« Le problème du XXe siècle est le problème de la ligne de partage des couleurs - de la relation entre les races d'hommes plus sombres et des races d'hommes plus claires, en Asie, en Afrique, en Amérique...» (W.E.B. Du Bois)
Depuis quelques semaines s’aggrave considérablement aux USA la question du racisme liée à la candidature de Barack Obama (l’hostilité d’une partie de l’électorat blanc contre Obama parce qu’il est Africain-Américain, – ou moitié Africain-Américain, mais cette particularité n’a pas l’air d’avoir le moindre effet). Et ce malgré un fort beau discours fait par Obama le 18 avril sur cette question retransmis en direct par toutes les chaînes d’information américaines. Le Sunday Times d’hier rapporte une interview d’un des leaders noirs au Congrès, James Clyburn, qui est un des chefs de la majorité démocrate de la Chambre.

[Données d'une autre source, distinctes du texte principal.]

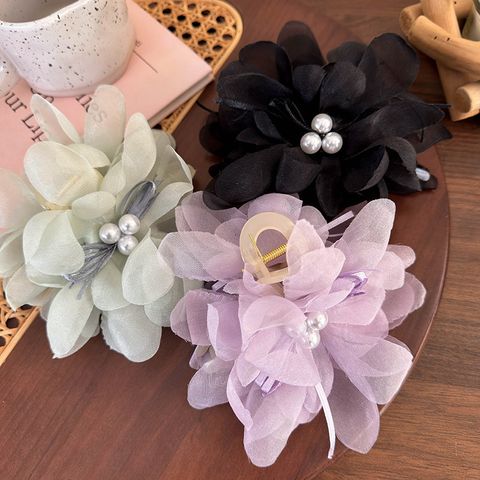 Women's Cute Lady Modern Style Flower Arylic Artificial Pearl Gauze Flowers Hair Claws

Clyburn est très inquiet, d’une part des intentions affichées par certains de faire pression, voire forcer Obama à se retirer à cause de cette hostilité des électeurs blancs, d’autre part des conséquences au niveau des électeurs noirs (traditionnellement démocrates), de l’unité du parti démocrate, et, d’une façon générale, de la situation des rapports inter-raciaux aux USA. Clyburn, qui n’a pourtant pas pris partie pour l’un ou l’autre candidat, attaque notamment avec force le comportement d’Hillary Clinton qui cherche une élimination d’Obama par des manoeuvres auprès des “super-délégués”.
Dans trois grands Etats, essentiels pour l’élection, on trouve des sondages impressionnants pour les intentions de vote. En Floride, 27% des électeurs disent qu’ils refuseraient de voter pour un Noir, 20% dans l’Ohio et 19% en Pennsylvanie. En plus existe le fameux phénomène de la différence de comportement entre les réponses aux sondages sur une question aussi “politically correct” et le comportement dans l’isoloir...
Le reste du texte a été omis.